[Material supplied Boundary: Start]
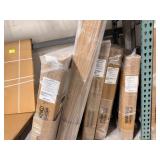 ASSORTED SIZE WINDOWS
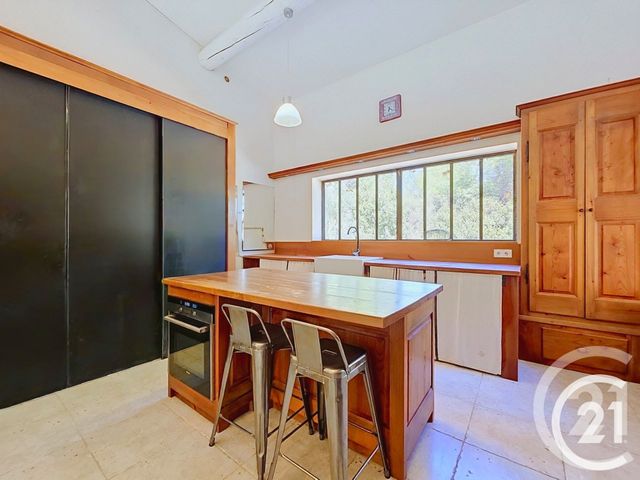 maison à vendre - 6 pièces - 250.0 m2 - MOURIES - 13 - PROVENCE-ALPES-COTE-D-AZUR - Century 21 Horizons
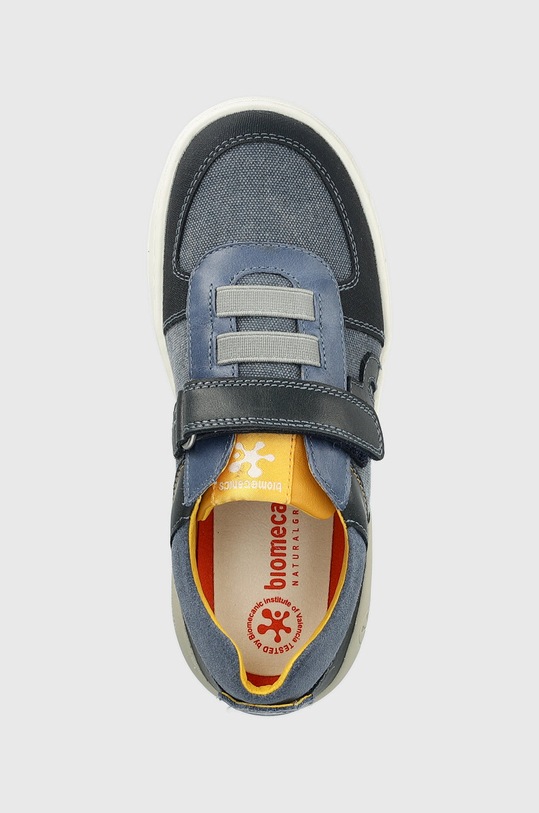 Biomecanics sneakersy dziecięce niebieski 232211.28.32
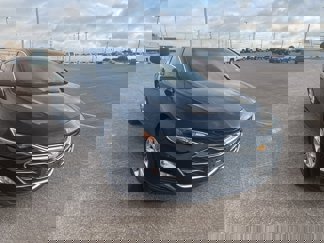 Used 2022 Chevrolet Malibu LT w/ Leather Package image 1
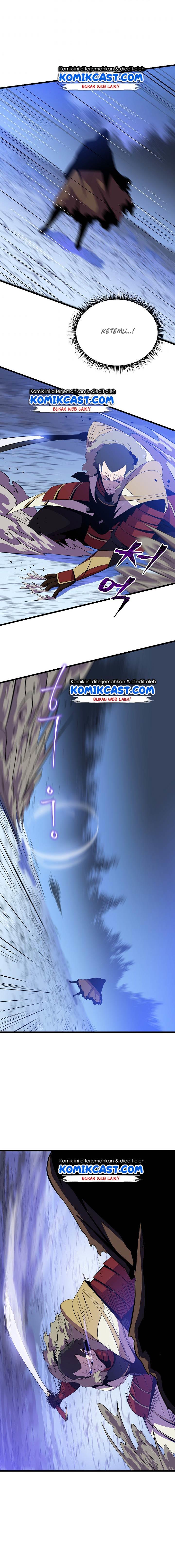 Kill the Hero Chap 52 - Next Chap 53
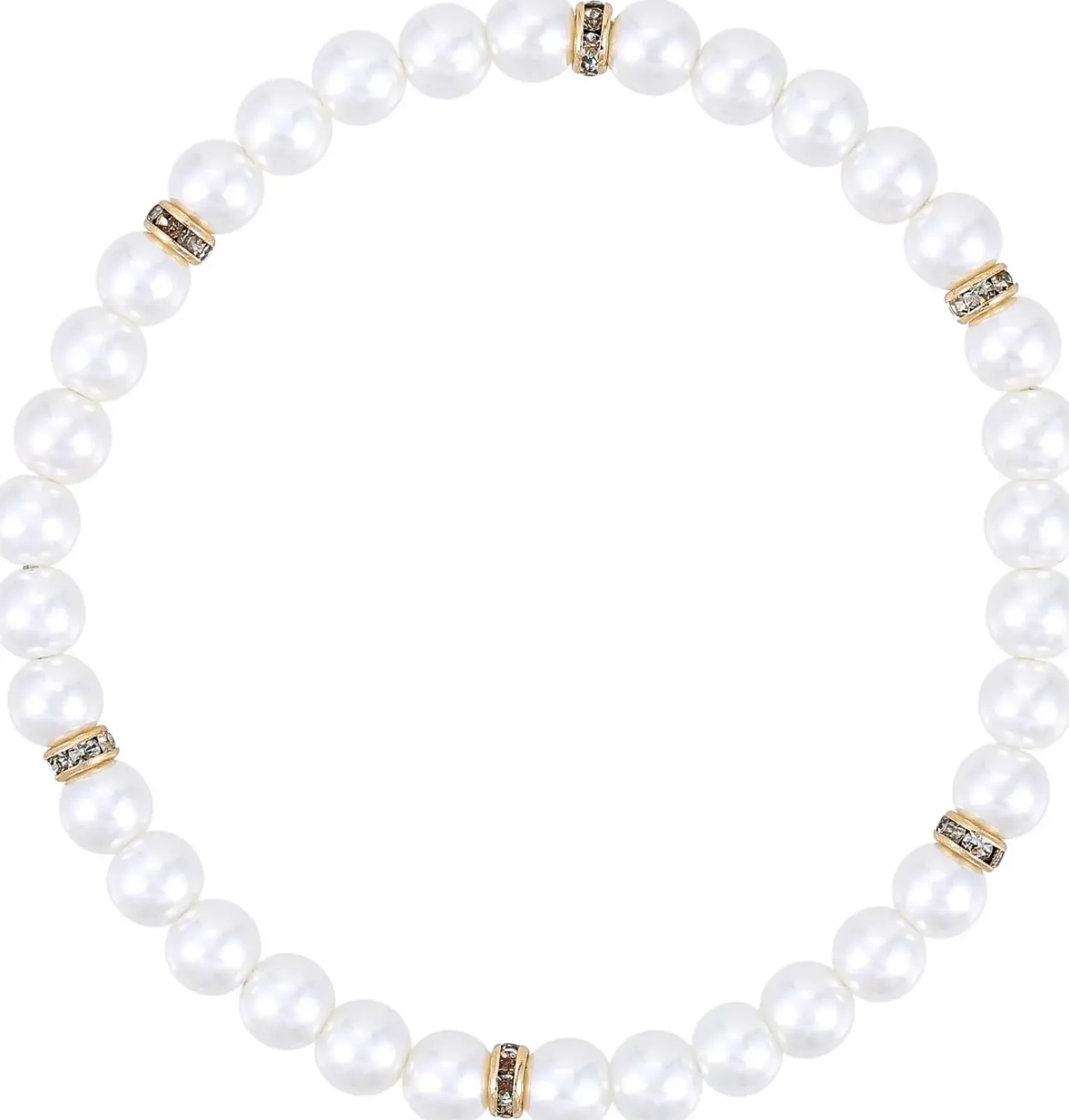 Parure di gioielli - Pearl Perfection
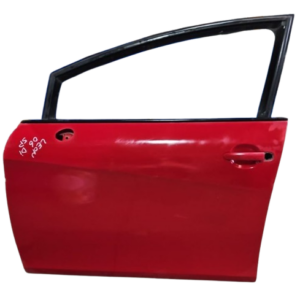 PUERTA DELANTERA IZQUIERDA SEAT LEON (1P1) AÑO 2005-2012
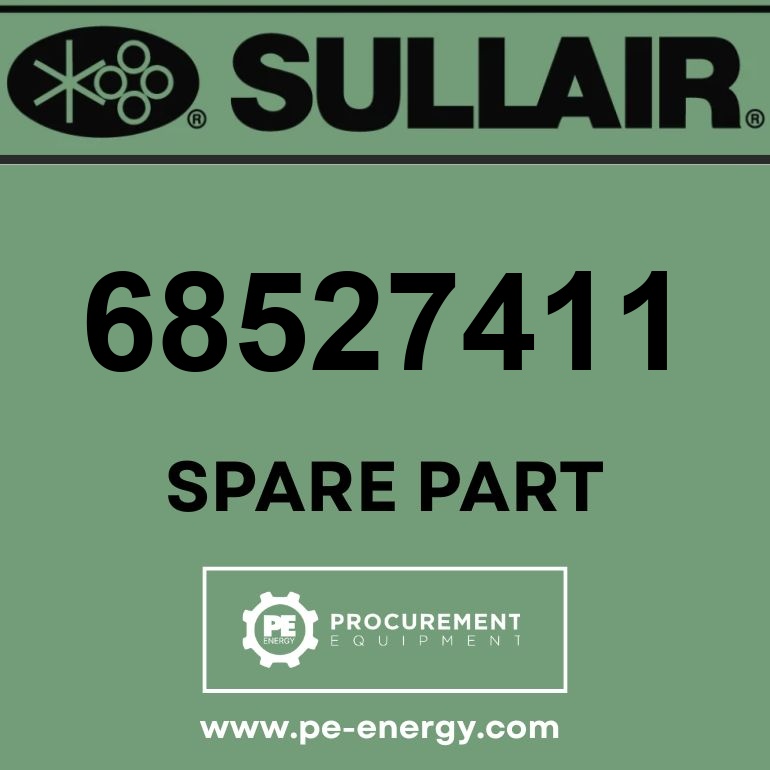Sullair 68527411 Filter, Oil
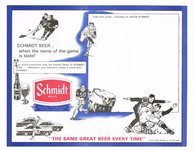 Schmidt Beer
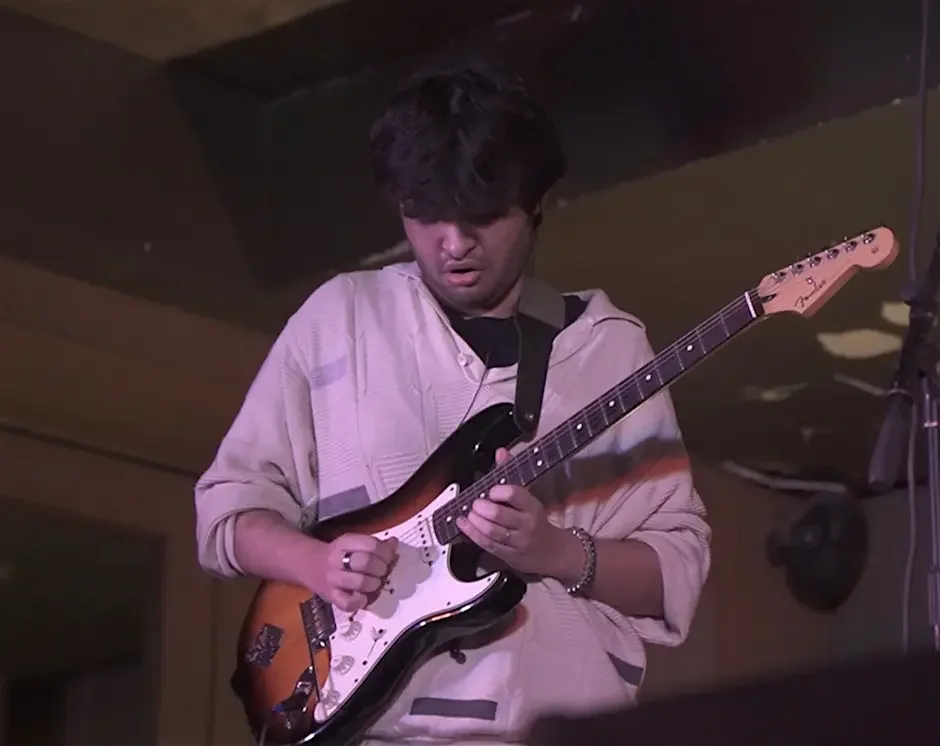 The Rees/Sengupta Trio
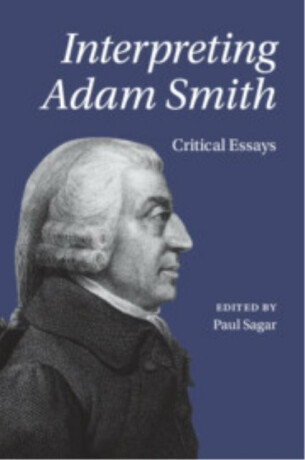 Interpreting Adam Smith - 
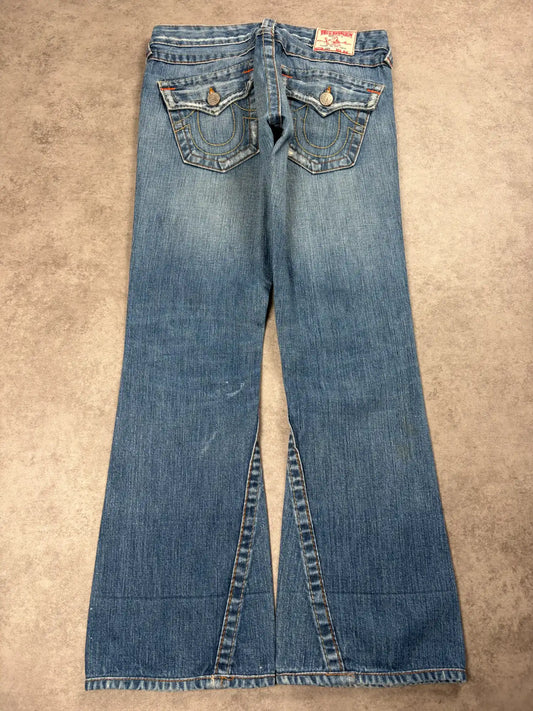 True Religion Straight (S)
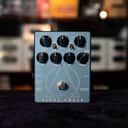Darkglass Electronics Alpha Omega Analog Bass Preamp Pedal
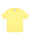 Children`s t-shirt tsrb 150 baby light yellow Jhk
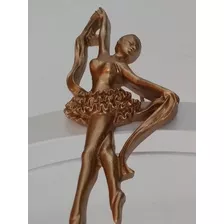 Bailarina Para Mosquiteiro ,docel ,suporte ,arco 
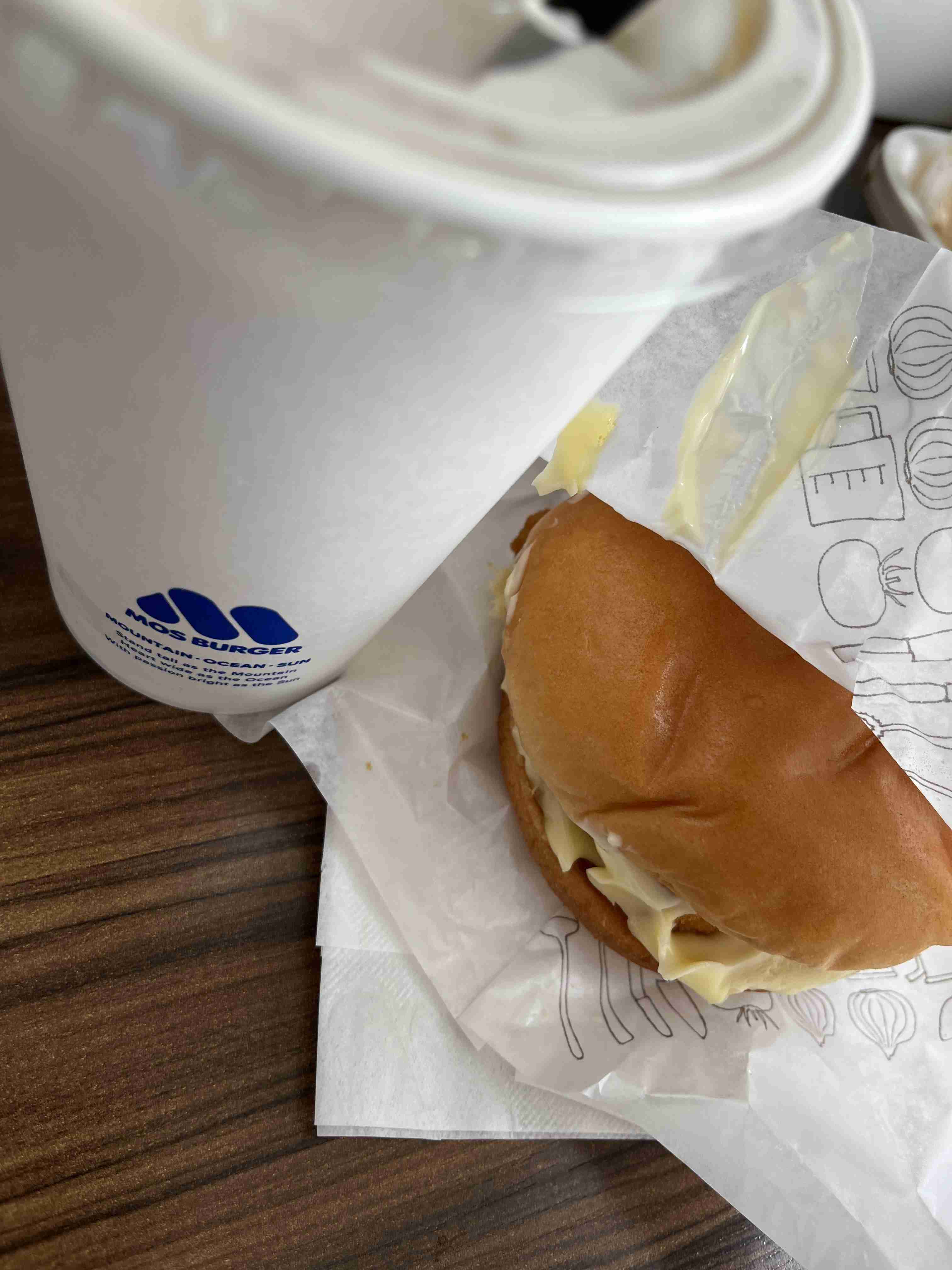 【写真】ゴールデンウィークに食べたものを見せ合いましょう!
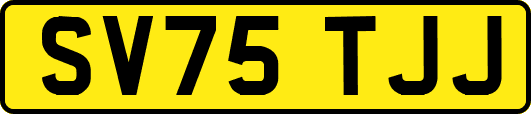SV75TJJ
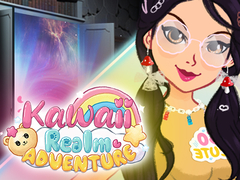 遊戲Kawaii Realm Adventure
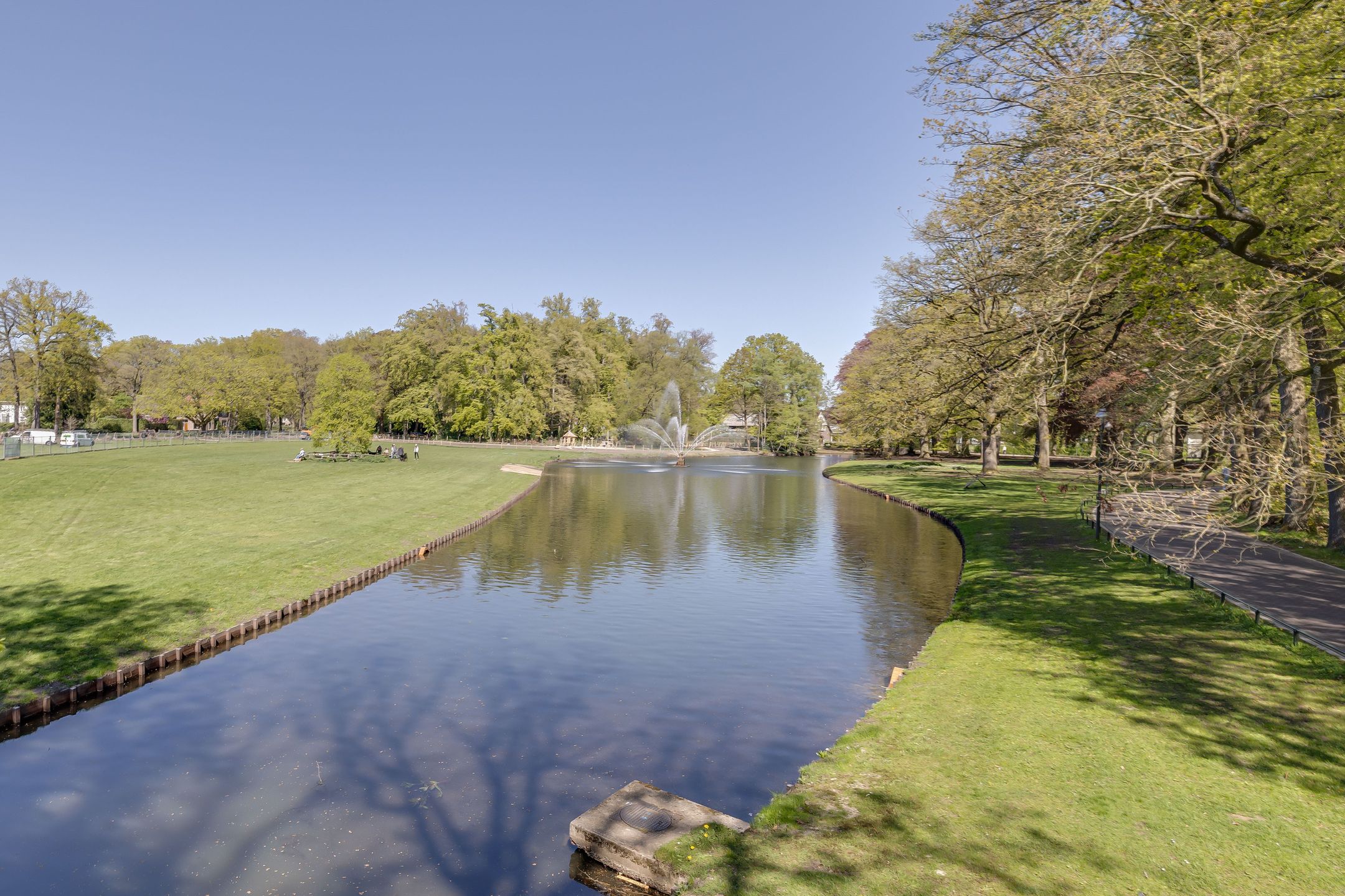Foto 48 van Verzetsstrijderspark 2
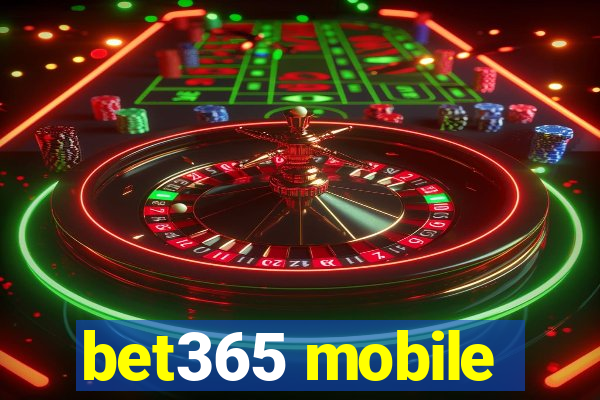 bet365 mobile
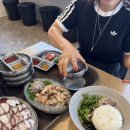 소리회바다 | 제주 여행 바다뷰, 협재 해녀의집 내돈내산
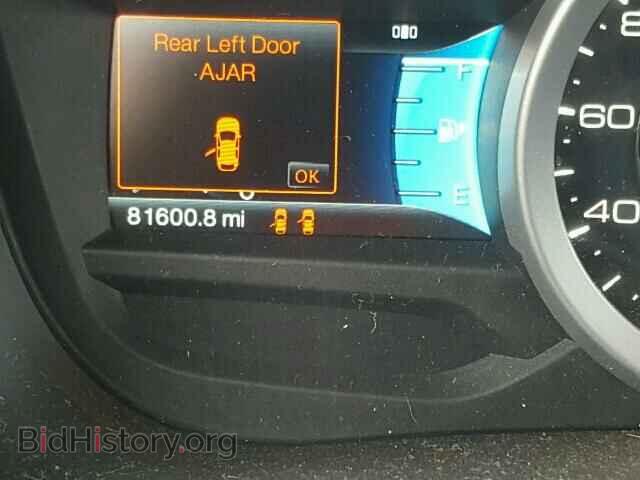2013 FORD EXPLORER - VIN: 1FM5K7D81DGA71077 - Photo 8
[Material supplied Boundary: End]
● **Action item**: Only lines belong in the copy: transcribe those from the start of the data through the line that contains "Kill the Hero Chap 52 - Next Chap 53", and skip the pictures.

● **Task response**:
 ASSORTED SIZE WINDOWS
 maison à vendre - 6 pièces - 250.0 m2 - MOURIES - 13 - PROVENCE-ALPES-COTE-D-AZUR - Century 21 Horizons
 Biomecanics sneakersy dziecięce niebieski 232211.28.32
 Used 2022 Chevrolet Malibu LT w/ Leather Package image 1
 Kill the Hero Chap 52 - Next Chap 53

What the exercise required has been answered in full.